My HD Youtube banner loses quality when uploaded on Youtube

F3q

New Member
I just recently created a new banner for my new channel and saved it in HD. However, when I upload it as my channel art on Youtube, it loses quality. On the device previews, the image looks high quality, but ends up losing quality when it's up. I could really appreciate some help.
 
Youtube is going to compress/optimize the image but that shouldn't make much of a difference. Are you sure the image is large enough/the proper size and not getting resized/blown up, which would make it look blurry/fuzzy?
FWIW when i look at your channel the image that's there now looks great on my iPad.
 
Youtube is going to compress/optimize the image but that shouldn't make much of a difference. Are you sure the image is large enough/the proper size and not getting resized/blown up, which would make it look blurry/fuzzy?

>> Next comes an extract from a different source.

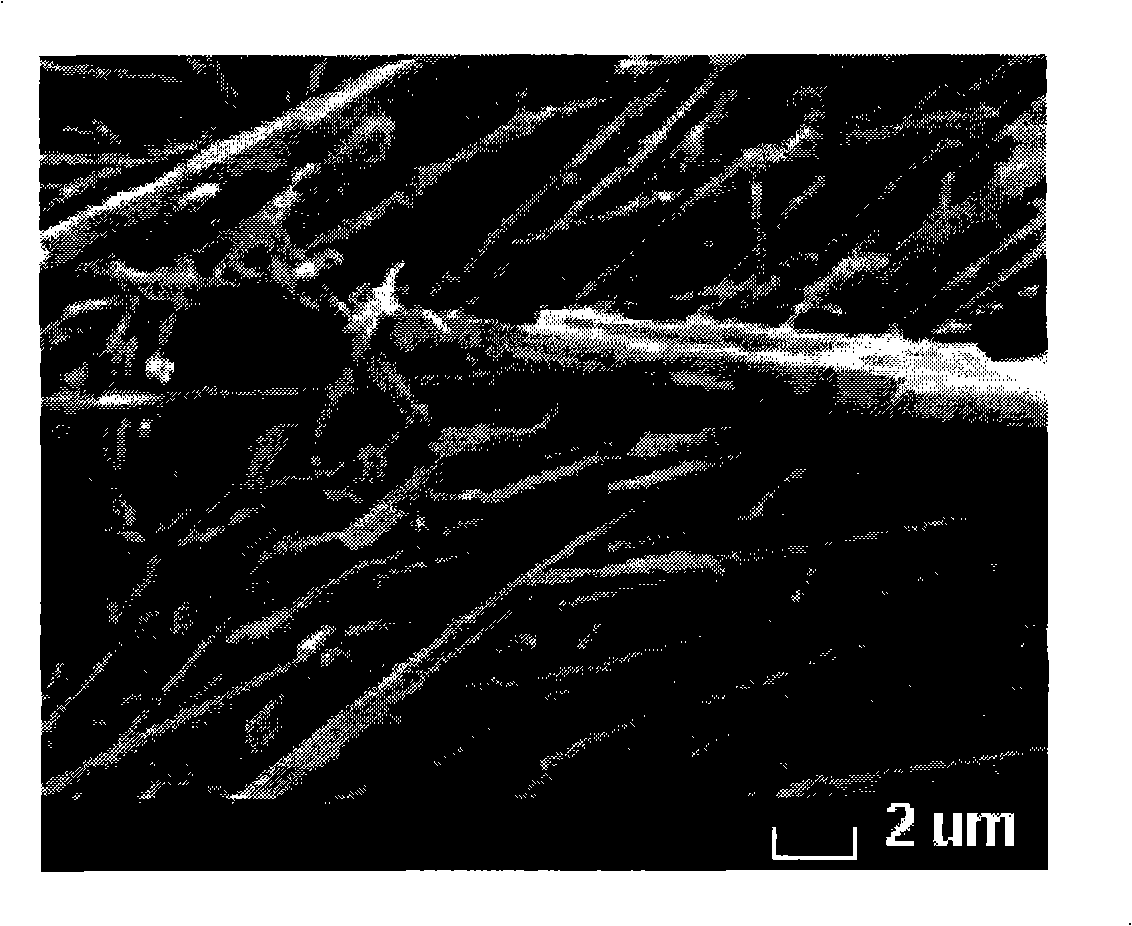 Method for preparing kalium-magnesium titanate by carnallite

FWIW when i look at your channel the image that's there now looks great on my iPad.
Yes, the banner is the appropriate size for Youtube's requirement
 
Like i said, YT will compress it, but i dont think that's usually noticeable. You dont really have any control when uploading the image, so assuming there is no issue with the image, there isnt much you can do.
 
Like i said, YT will compress it, but i dont think that's usually noticeable. You dont really have any control when uploading the image, so assuming there is no issue with the image, there isnt much you can do.
Alright, it's pisses me off that it won't be the way I want it to be. Thanks for the support
 
Hi.
Have you tried using pixlr to create a banner. I searched around and ended up using it to make my banner and it turned out great. Perhaps if you used it, you could get your banner uploaded with great quality
 
As a web developer myself I find that I need to explain this to you a bit further, everything that you upload to the internet will always be compressed on any site unless it's a self storage site like google drive or onedrive etc. The reason for this initially was to let service providers save on storage, but now with storage being so cheap it doesn't really matter. The new reason for compression is website loading speed. If everyone had a 25MB youtube banner, can you imagine how long that would take to load whenever someone on a slower wifi connection went to that channel? When you download a 25MB program installer, it probably doesn't download instantly, it may only take a second or so, but if you added that time to simply loading a webpage than you certainly would notice it. Not to mention if people had to cache these images on their computers they would run out of cache space really fast. Catch my drift?